= Otto Gerdes =

German producer and conductor (1920–1989)

Otto Gerdes (born 20 January 1920 in Cologne; died 15 June 1989) was a German conductor and record producer.

He studied music at the Hochschule für Musik Köln, including conducting with Hermann Abendroth. He conducted opera in Berlin, Dresden, Koblenz, Leipzig, and Munich. He also conducted the radio orchestras of Baden-Baden and Cologne and led concerts with the Sächsische Staatskapelle Dresden. In 1956 he became a record producer for Deutsche Grammophon and in 1963 the label's artistic director. His conducting for that label began when he filled in for an ailing conductor, recording excerpts from the opera Eugene Onegin.

He was dismissed at Deutsche Grammophon in the mid-1960s. The incident that led to his dismissal was recounted in Richard Osborne's 1998 biography of Herbert von Karajan. Gerdes, fresh from a conducting assignment, addressed Karajan as one conductor to another with a "Herr Kollege" (my dear colleague).

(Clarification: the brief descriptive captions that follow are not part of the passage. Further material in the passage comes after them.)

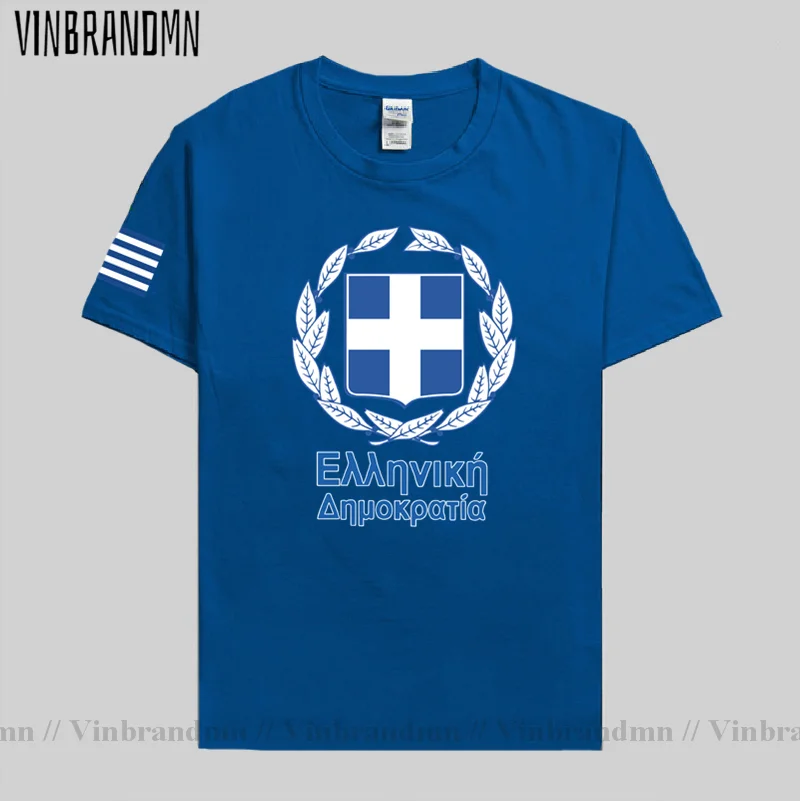 Yunanistan erkek t gömlek moda - Summer Clothing For Greece incelemesi ve fiyatı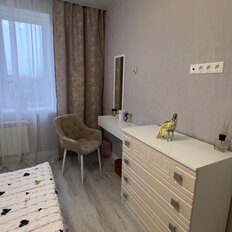 Квартира 65 м², 2-комнатная - изображение 5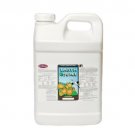 HydroOrganics HOJ03401 Earth Juice Grow , 2-1/2-Gallon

Gerdes conducted several works for record including the Prelude to Act 1 of Wagner's Die Meistersinger, a complete Tannhäuser (Dresden version) as well as Wagner's rarely recorded Symphony in C major. He also conducted a recording of the Brahms 4th Symphony.

Included in Gerdes's awards as a producer is a Grammy Award for Best Opera Recording for Wagner's Siegfried conducted by Karajan with the Berlin Philharmonic (1969).